At W:\ps\2008inst\addadmin2.ps1:2 char:51
+ ([ADSI]"WinNT://$ComputerName/Administrators").Add <<<< ("WinNT://$Env:DOMAIN_ADS/Testuser")
    + CategoryInfo          : NotSpecified: (:) [], MethodInvocationException
    + FullyQualifiedErrorId : CatchFromBaseAdapterMethodInvokeTI


Sorry, I should have explained:

$Env:UserDomain is an environmental variable, run this and you'll see the value it stores:
Write-Host $Env:UserDomain

Open in new window

You should see it comes back with your domain name automatically. You can hard-code the domain name like this:
$ComputerName = "SomeTestComputer"
([ADSI]"WinNT://$ComputerName/Administrators").Add("WinNT://DOMAIN-NAME/Testuser")

Open in new window

Chris
Avatar of SSR-IS

ASKER

Okay, I see.
I´m at home now and will give it a try tomorrow morining. Thanks!
Avatar of SSR-IS

ASKER

Hi Chris,

sorry for coming back that late, I had a lot of stuff to do today...
The little Admin-User-Script works fine now!

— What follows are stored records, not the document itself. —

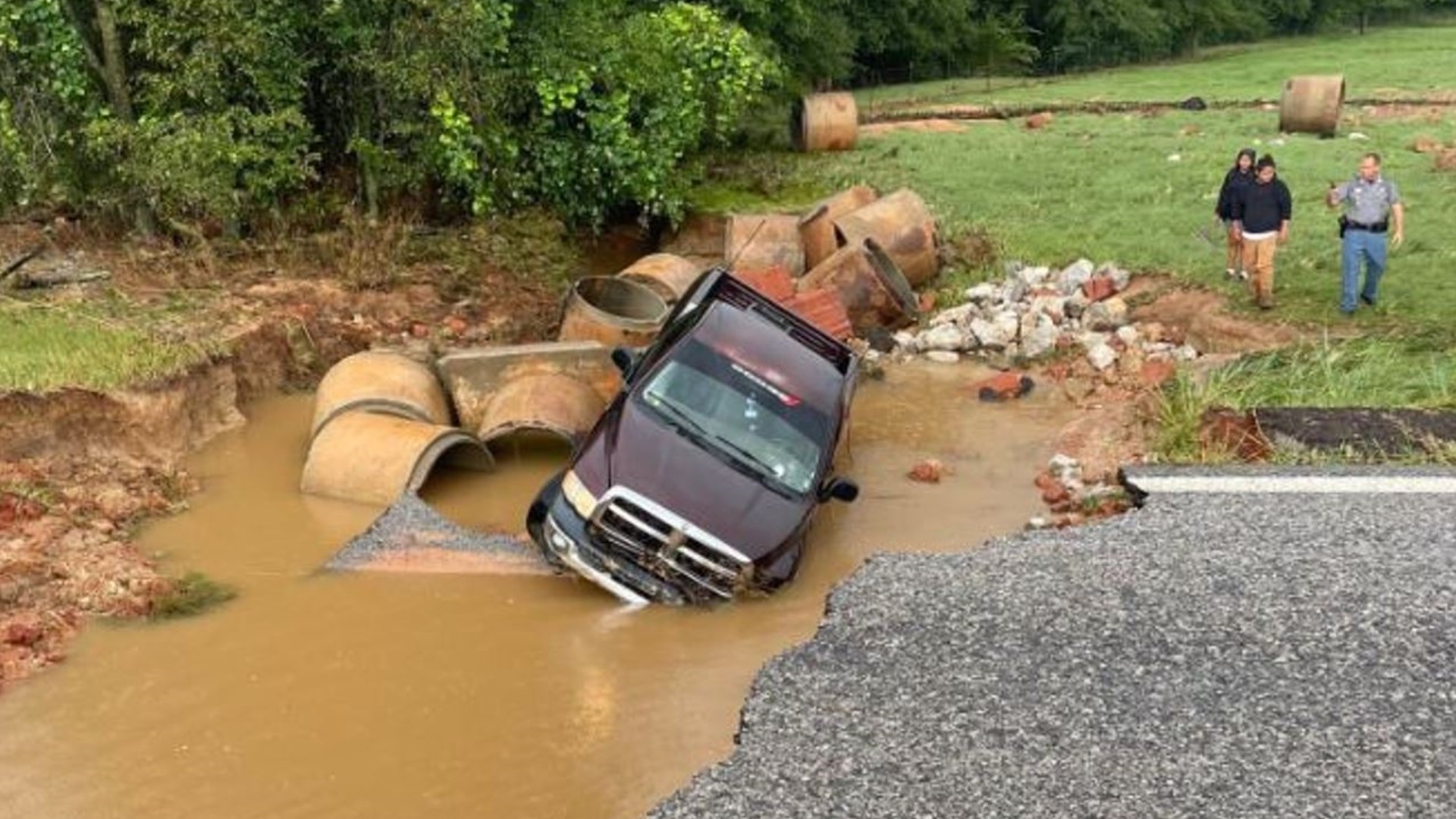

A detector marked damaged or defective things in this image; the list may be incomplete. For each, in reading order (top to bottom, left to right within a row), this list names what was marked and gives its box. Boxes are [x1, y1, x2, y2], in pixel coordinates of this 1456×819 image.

rusty metal culvert pipe [792, 92, 855, 152]
rusty metal culvert pipe [556, 277, 670, 347]
rusty metal culvert pipe [617, 252, 701, 303]
rusty metal culvert pipe [798, 186, 874, 271]
rusty metal culvert pipe [803, 236, 914, 332]
rusty metal culvert pipe [833, 187, 943, 287]
rusty metal culvert pipe [312, 351, 454, 440]
rusty metal culvert pipe [480, 372, 605, 446]
rusty metal culvert pipe [301, 413, 494, 504]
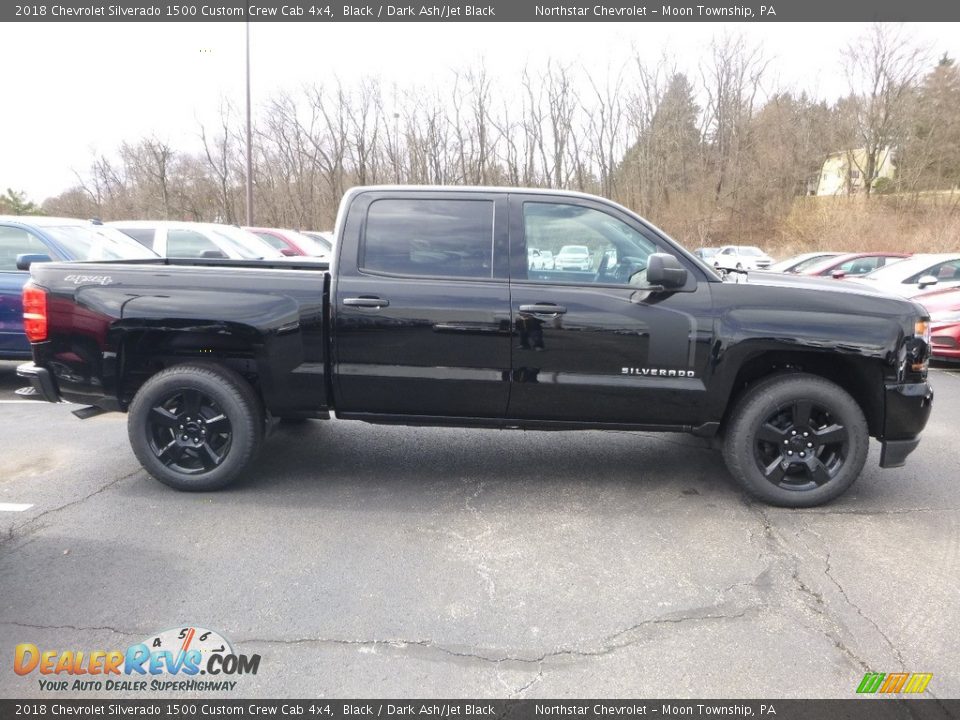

Do you mind me coming up with another question regarding the SNMP install?
I´ve done a few 2008 R2 Servers with your script - very fine so far. Now I wanted to run it against 2008 servers (not R2) and then I noticed that the servermanager module is not available in 2008.

Is there a chance to use powershell in that case for installing SNMP?

You can do it with ocsetup or whatever it's called on 2008 (regular) can't you?

Right now all we're doing is passing an arbitrary command off to another system, there's no reason that must be a PowerShell command.

Chris
Avatar of SSR-IS

ASKER

I found out that a tool called servermanagercmd.exe is present on all 2008 Server. You can install features and services with it.

Thanks for you hard work with me ;-)

I guess I close this question, pass the 500 hard earned points to you and if neccessary, I´ll open up a new one!

Thanks Chirs!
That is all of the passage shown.